Source data:
-*-

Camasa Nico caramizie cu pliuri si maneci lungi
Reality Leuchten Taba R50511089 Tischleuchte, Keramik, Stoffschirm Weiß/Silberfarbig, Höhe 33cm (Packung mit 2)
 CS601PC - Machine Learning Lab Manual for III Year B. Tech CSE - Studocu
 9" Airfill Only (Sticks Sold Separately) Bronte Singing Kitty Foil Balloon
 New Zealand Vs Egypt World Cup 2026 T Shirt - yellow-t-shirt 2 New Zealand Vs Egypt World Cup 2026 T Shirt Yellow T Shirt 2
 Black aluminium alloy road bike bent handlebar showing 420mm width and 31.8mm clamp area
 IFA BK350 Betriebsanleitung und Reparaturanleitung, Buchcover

-*-

Activity —
Write out exactly the final stretch of the records: the line containing "CS601PC - Machine" and every line after it, through the last, and nothing else.

Result for this task —
 CS601PC - Machine Learning Lab Manual for III Year B. Tech CSE - Studocu
 9" Airfill Only (Sticks Sold Separately) Bronte Singing Kitty Foil Balloon
 New Zealand Vs Egypt World Cup 2026 T Shirt - yellow-t-shirt 2 New Zealand Vs Egypt World Cup 2026 T Shirt Yellow T Shirt 2
 Black aluminium alloy road bike bent handlebar showing 420mm width and 31.8mm clamp area
 IFA BK350 Betriebsanleitung und Reparaturanleitung, Buchcover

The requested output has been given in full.